There is so much advice re breastfeeding, it's hard to take it all in when you have a new baby and your confidence is knocked. I guess the key is to find support from someone who empathises with your situation and goals with your feeding.

Sorry a bit of a ramble to say I agree BUT mums need to know the potential risks to successful feeding that going against official advice can have so they can make a decision for themselves.

IUseTooMuchKitchenRoll · 28/01/2012 21:13

What Worras said.

StepfordWannabe · 28/01/2012 21:16

Oh holy jesus, not another angsty BF/non-BF thread - I have one thing to say to everyone: NO-ONE cares how you choose to feed your child, it's none of their business anyway, stop worrying about it and move on.

billgrangersrisotto · 28/01/2012 21:17

Good for you, those of you who didnt feel any guilt. The OP does. She feels shit. She's trying hard to BF. Your comments are neither helpful or relevant.

OP, I understand completely, and I agree with you. Especially because recent research shows that there is no problem with use of nipple shields.

Shenanagins · 28/01/2012 21:19

My experience with the bf mafia was before my little one was born when i met with the breast feeding coordinator. Asked if i intended to bf to which i replied yes. Asked if i knew all the health benefits to which i replied yes. Then proceeded to get a big lecture all about why i should do it. I eventually got fed up and told her that i had already said i was going to give it a try and didn't need the lecture and walked out. Was furious at her going on and on at me and did tell the midwife.

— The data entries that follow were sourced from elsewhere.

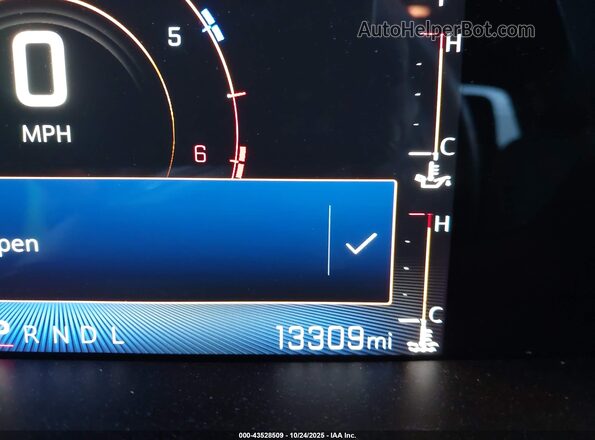 1GCPSCEK1P1145542 2023 CHEVROLET COLORADO Red 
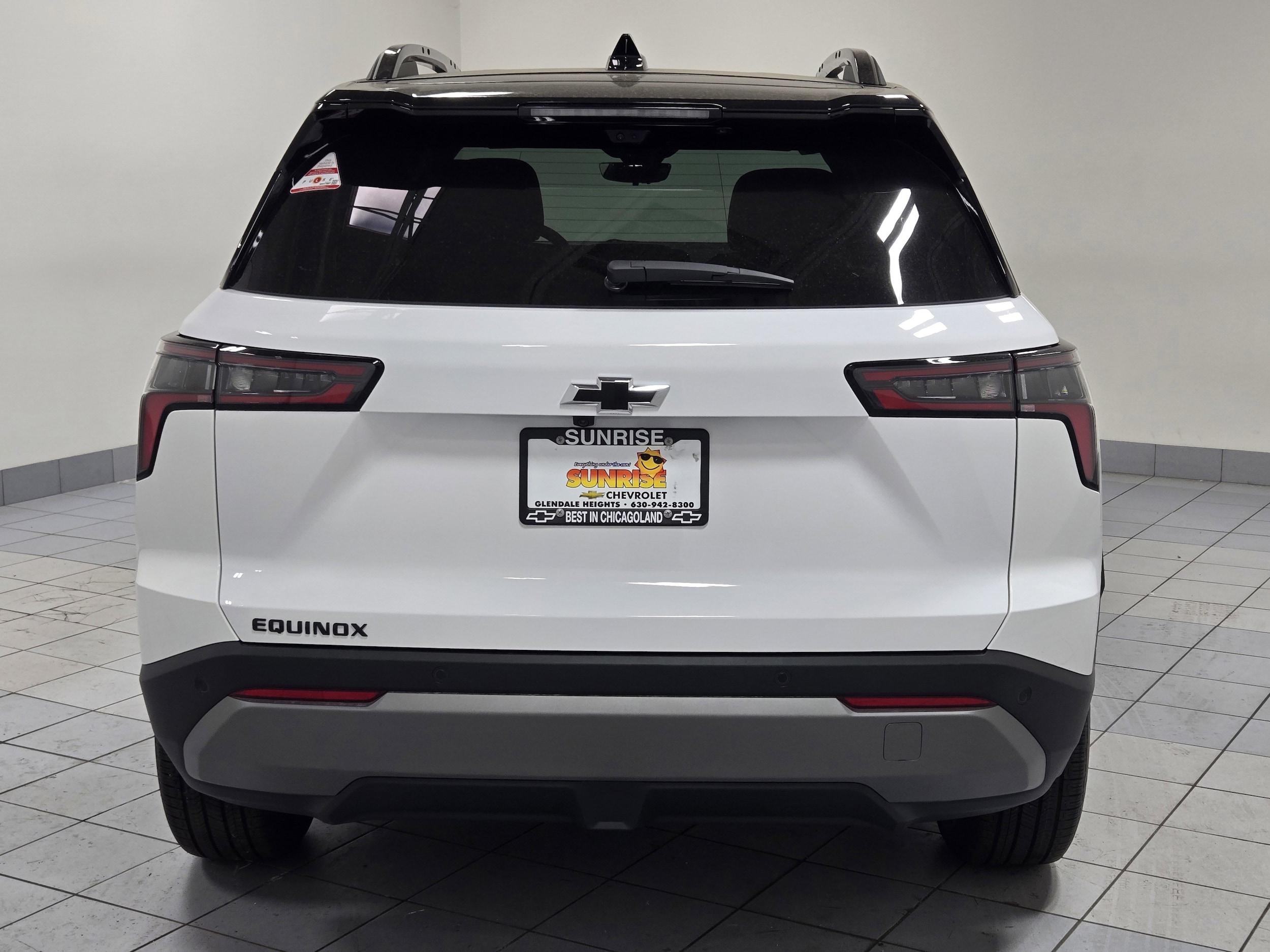 2026 Chevrolet Equinox LT - Photo 11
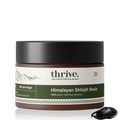 Shilajit Resin  - Shiajit Resin - Testosterone Booster - Fulvinezuur -Thrive Supplements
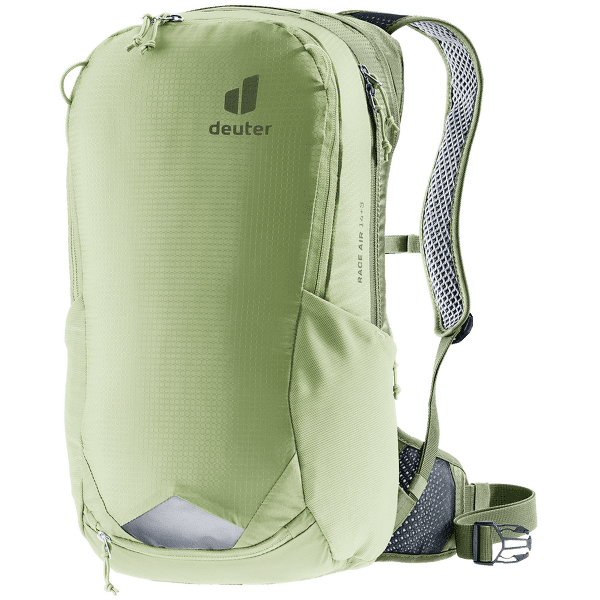 Sac a dos deuter Race Air 14+3 mineral-grove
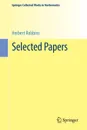 Selected Papers - Herbert Robbins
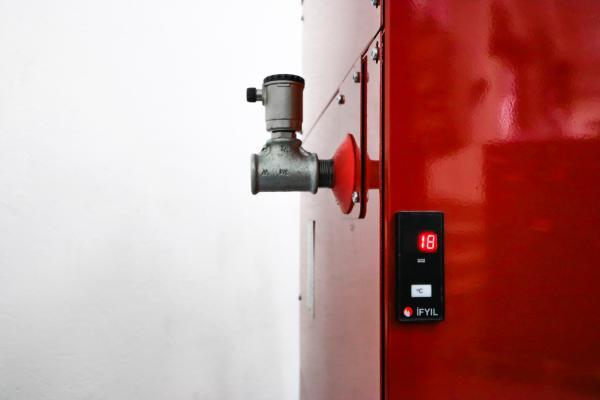 Roaster 2 krémová kamna s výměníkem 16-28 kw+vaření+pečení - Obrázek 4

Subsequently spoke to other mums who met with the same person and like me were angry with her so at least i know i wasn't being oversensitive.

Livergirl1981 · 28/01/2012 21:19

I agree with OP I was made to feel so guilty when I tried and failed to BF my dd. I already felt a failure as I had to have an ECS. The mv could not do enough to help when I was trying to bf but I wasn't producing anything and in the end was told I would have to give dd formula. The disapproving looks when asking for formula where bad enough I think it's up to the individual and no one should judge on the choices mothers make!! Confused

billgrangersrisotto · 28/01/2012 21:19

Stepford - then why comment?! It's obviously really bothering the OP! So what if you didn't feel judged?! Good for you. That's not how the OP feels! That's why she's posted!

OrmIrian · 28/01/2012 21:20

There is no such thing.

Bf, don't bf, listen to advice, don't listen to advice. Up to you. But don't talk in cliches.

rathlin · 28/01/2012 21:20

No-one else cares how you feed your child and you should not care about theirs either. My DS is 3; no-one asks me if he was breast-fed, how he was weaned etc. The concern now is whose child can count to 50 backwards.

TheParanoidAndroid · 28/01/2012 21:20

Nobody makes you feel guilty. People will insist on doing that all by themselves.